At the same time, though, I’ve run into craziness. There’s some funky stuff happening out there. Churches are innocently making decisions today that will likely be quite damaging in the long run. I’m confident that churches don’t try to sabotage their ministries on purpose. However, any person who is disconnected from the situation and looking from the outside in would likely say, “That’s not going to end well.”

Let me give you some examples of the crazy things I’ve seen churches do:

1) Avoiding any focus around a clear and specific vision for the future.

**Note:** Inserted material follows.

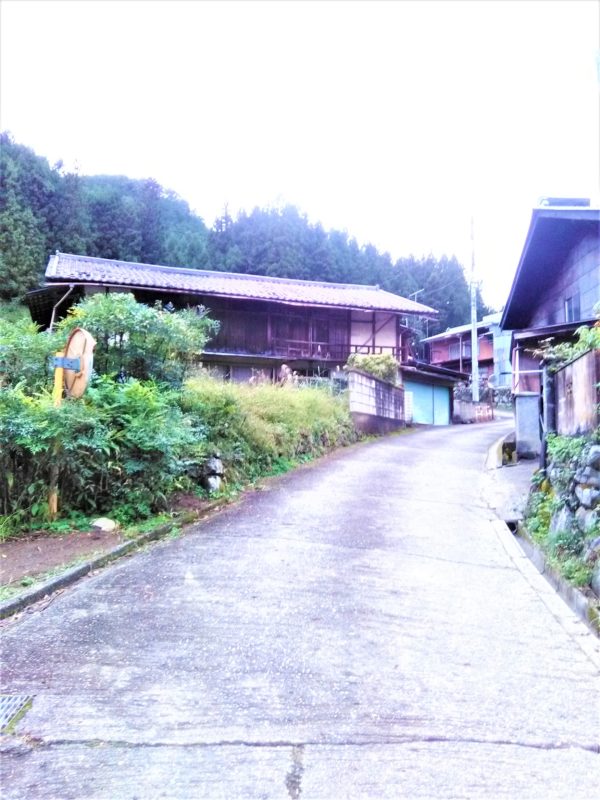 下仁田町【西野牧】の空き家がある集落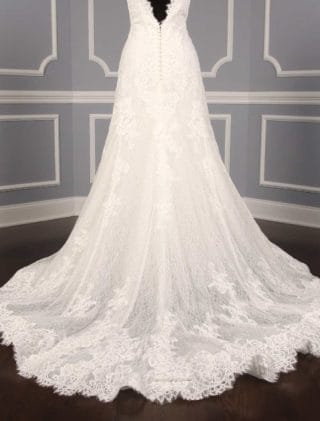 Pronovias Praciala Wedding Gown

I get it. Clarifying a big, bold vision for the future sounds like a very businessy thing to do. We just want people to love God and love others. That’s what we signed up for. Vision casting wasn’t even on the job description. But I can assure you that where there’s a vision vacuum, the loudest people in the room will fill it.

The problem, of course, is that the loudest people may not have the vision that’s best for your church. And when the loudest people have a platform, they will naturally pull people in different directions. Instead, we need to create a vision for the future that both rallies people’s prayer, time and financial resources, and also repels people. A strong vision will do both.

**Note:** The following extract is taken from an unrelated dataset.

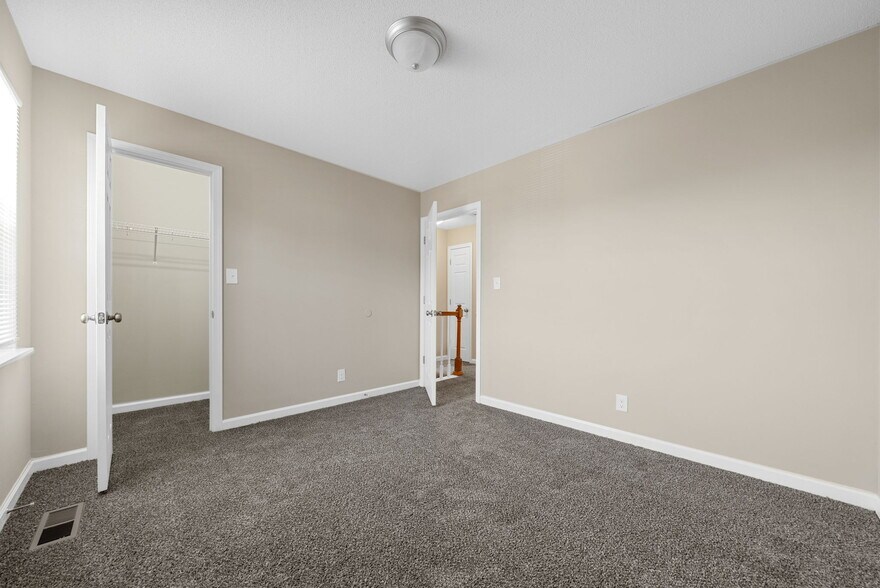 Building Photo - 261 Winters Ct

2) Establishing vision, but avoiding a focused strategy for how it will be accomplished.

Forget the words mission, vision, and strategy. They’re just words, and people get them confused all the time. Instead, focus on answering these questions:

  • Why do we exist? What’s our primary purpose as a church?
  • Where are we going? What will the church look like in five to ten years?
  • How are we going to get there? What’s important right now?

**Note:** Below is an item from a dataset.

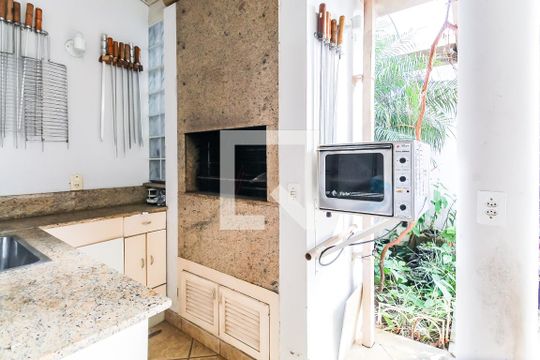 Churrasqueira de casa para alugar com 4 quartos, 536m² em Rio Branco, Porto Alegre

It’s that third bullet that ends up dividing churches. They go through the hard work of confirming mission and vision, but they don’t unify around the “how” part. When the strategy isn’t defined, people drift back to doing what they’ve always done the way they’ve always done it. People pull in different directions. That leads to division.

3) Allowing ministry silos to thrive.

In bigger churches, the silos tend to get even bigger. They begin to form in churches that aren’t aligned around vision and strategy. (I purposely left out mission, because these statements are often so innocuous that anyone could easily say, “I agree with that.” Don’t tell Peter Drucker I said this, but mission statements oftentimes are pointless.)

The foundation for silos is the lack of alignment, but silos are fueled by a focus on programs and filling the calendar with activities. The win, whether we care to admit it or not, is getting more people to show up to our ministry’s events. Silos take on a life of their own because we avoid asking the critical question, “Are the people at our church becoming more like Christ?”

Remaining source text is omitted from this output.